Saturday, November 20, 2004

Point of View

The voyage of discovery is not in seeking new landscapes but in having new eyes.
Marcel Proust

How hard it is to change the filters through which we see the world and the events that happen to us. I hope you have fresh “new” eyes today and see all sorts of new landscapes in the familiar all around you.

3 comments:

Cuppa said...

Hi Alianora
Good to hear from you. I have lost contact with your page again. Did you start a new one?
Life continues to weave and spin in wonderous circles and keep me on my toes these days. I "dance" a little, "rest" a little, and through it all, try to keep moving forward. Hope your life is a balance of this too, and you are enjoying your "voyage of discovery". Take care.

Lynn said...

In part two, chapter two of Proust's Sodom and Gomorrah, volume four of In Search of Lost Time, the narrator goes to an afternoon party at the Verderins. The narrator is always going to dinner parties, but that sets the scene for many of his best observations and most penetrating philosophical asides.

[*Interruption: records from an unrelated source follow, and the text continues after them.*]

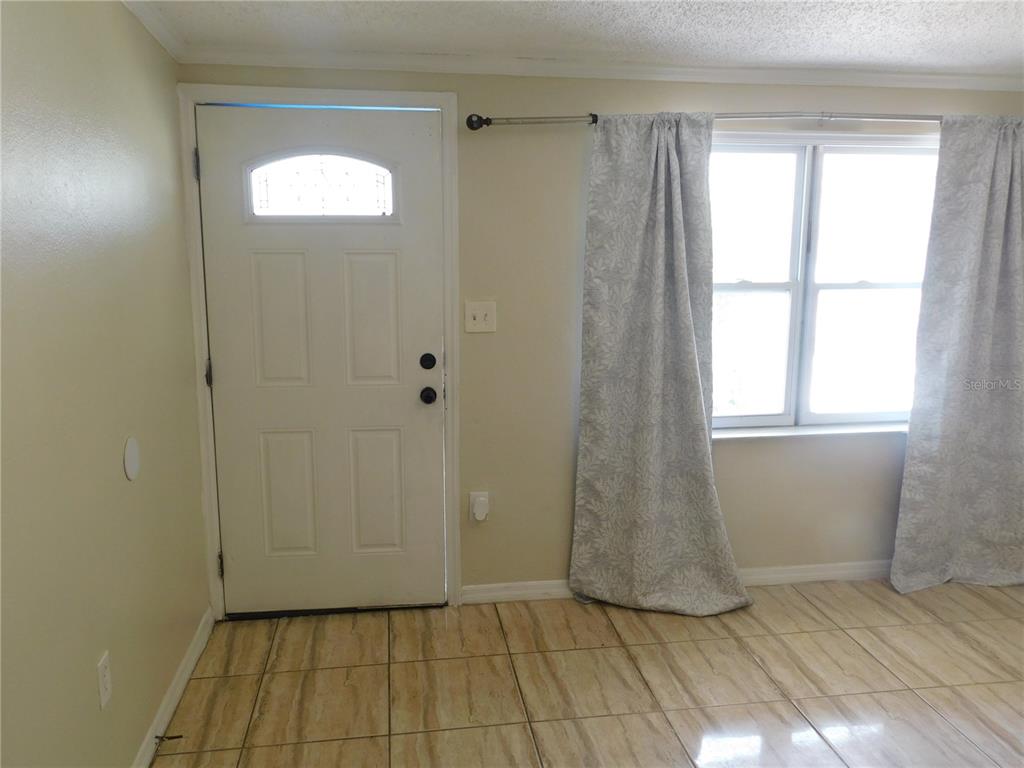 A room with a white front door, a window with patterned curtains, and tiled flooring — 4542 BELFAST DRIVE, NEW PORT RICHEY, FL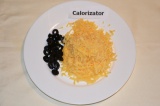 Шаг 3. Сыр натереть на терке, маслины порезать кружочками.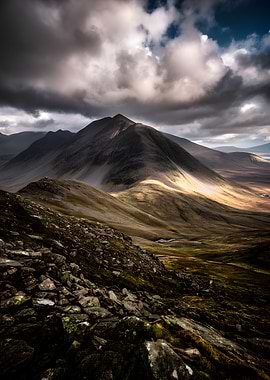 Dramatic Mountain Landscape with Sunlit Peaks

The Baron de Charlus, a man of incredible wealth, lineage, social prestige, and eccentricity shows up at the party. The Verderins are not familiar with him. They are about to seat their guests at the table. Proust describes the scene as follows.


Mme. Verdurin whispered in her husband”s ear: “Shall I offer my arm to the Baron de Charlus? As you’ll have Mme. de Cambremer on your right, we might divide the higher in rank” (meaning that M. de Cambremer was a marquis), “M. de Charlus is, after all, his inferior.” “Very well, I shall put him beside the Princess.”


Of course, M. de Charlus is of haut St. Germain society and would not normally lower himself to go to a party at the Verderins unless he was vacationing in the country and chasing a male lover. The narrator who knows M. de Charlus well from St. Germain society is surprised to see him there, but he knows what is going on and we who are the narrator’s guests do too.

The moral might be, not only is it fun and exciting to see with new eyes, but it is sometimes necessary to avoid embarrassment.

Thanks for the quotation. I think I’ll read some Proust over the holidays. I couldn’t give myself a better gift.

Lynn said...

Thanks for the tip on "The Proust Project". It sounds really good. I'll keep my eye open for it.